# Study case: the 2nd classified solution of the challenge

Ideally in this notebook I will do 3 things:
1) study one of the top solutions of the challenge
2) replicate the feature engineering 
3) implement a version of the solution, as well as other models such as a DNN

## 2nd classified solution

In [3]:
import numpy as np
import pandas as pd
import matplotlib as plt

from sklearn.model_selection import StratifiedKFold
from sklearn.metrics import roc_auc_score
from sklearn.experimental import enable_iterative_imputer
from sklearn.impute import IterativeImputer
from xgboost import XGBClassifier
from xgboost import plot_importance

A few global variables are set. One is the path to the training and test data, the other is a state to remove randomness of some algorithms (for reproduction purposes). In the same cell, we define the features and the target variables.

In [5]:
data_dir = '../Datasets/killer-shrimp-invasion/'
RANDOM_STATE = 0

train = pd.read_csv(data_dir + 'train.csv')
test = pd.read_csv(data_dir + 'test.csv')

# split data
Y_train = train['Presence']
ID_train = train['pointid']
X_train = train.drop(['Presence', 'pointid'], axis=1)
ID_test = test['pointid']
X_test = test.drop(['pointid'], axis=1)

### Missing data
As I previously attested in my own notebook, there is quite a lot of missing data. Using `sklearn`'s `IterativeImputer` we can impute values for missing data. It performs better than filling in with the mean.

In [6]:
X_train = X_train.fillna(X_train.mean())
X_test = X_test.fillna(X_test.mean())

### Feature Engineering

There are 5 features in the training data: temperature, salinity, depth, exposure and subtrate. WE create more features:
- Ocean Density: function of temperature, salinity and depth based on UNESCO formula
- EUNIS Exposure Classifications (nine features): this is a categorical based on exposure
- Temperature Equation: this is basically an equation obtained from fitting the training data using only the temperature as a feature. We use the response of this fitted equation as additional feature.
- Outlier (Bounded-Box): this are the conditions of the normal habitat of Killer Shrimps hard coded into the problem.
    - tolerate salinity up to 20ppt (12ppt is optimal)
    - tolerate temperatures between 0 and 35C (5-15 optimal)
    - thought to occupy every substratum except sand
    - present in areas of low current velocity

In [13]:
# Ocean density:
def ocean_density(temp, salin, depth):
    pressure_approx = 1 + (depth / 10)

    # standard mean ocean water density (smow)
    smow = 999.842594 + (6.793953e-2 * temp) - (9.095290e-3 * (temp**2)) + \
           (1.001685e-4 * (temp**3)) - (1.120083e-6 * (temp**4)) + (6.536332e-9 * (temp**5))

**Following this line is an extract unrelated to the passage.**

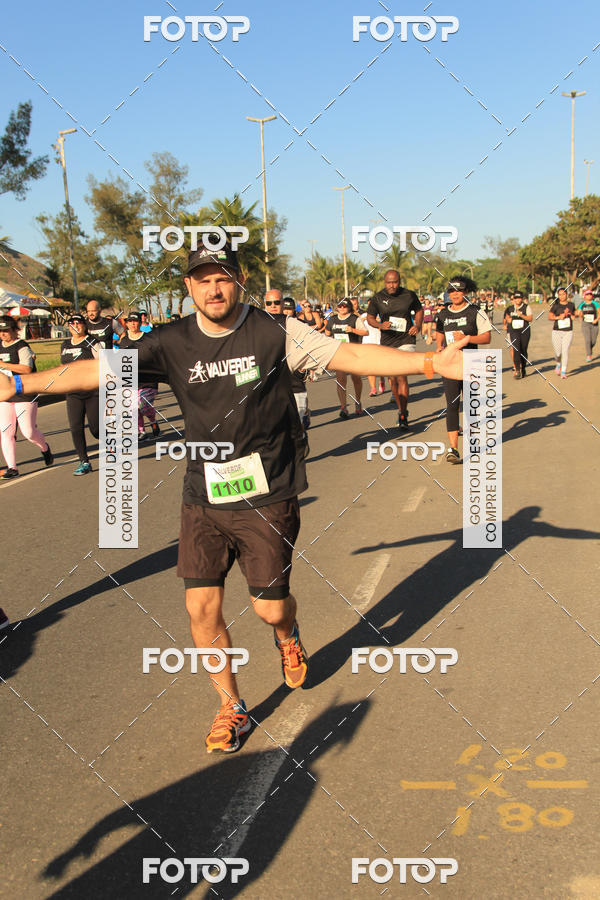 Buy your photos of the eventValverde Runner on Fotop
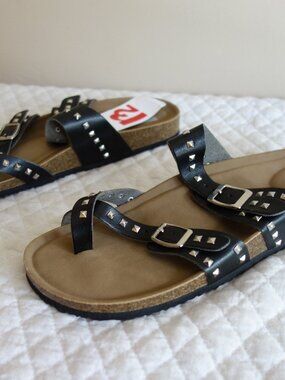 NWT r2 Berlin Black Studded Slide-On Sandals – Wmns 9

    # sea water density at normal atmospheric pressure
    B = 0.82449 - (4.0899e-3 * temp) + (7.6438e-5 * (temp**2)) + (8.2467e-7 * (temp**3)) + \
        (5.3875e-9 * (temp**4))
    C = -5.7246e-3 + (1.0227e-4 * temp) + (-1.6546e-6 * (temp**2))
    D = 4.8314e-4
    density_normal = smow + (B * salin) + (C * (salin**1.5)) + (D * (salin**2))

    # determination of compression module at pression 0
    Kw = 19652.21 + (148.4206 * temp) + (-2.327105 * (temp**2)) + (1.360477e-2 * (temp**3)) + \
        (-5.155288e-5 * (temp**4))
    F = 52.6746 + (-0.603459 * temp) + (1.099870e-2 * (temp**2)) + (-6.167e-5 * (temp**3))
    G = 7.9440e-2 + (1.6483e-2 * temp) + (-5.3009e-4 * (temp**2))
    K_0 = Kw + (F * salin) + (G * (salin**1.5))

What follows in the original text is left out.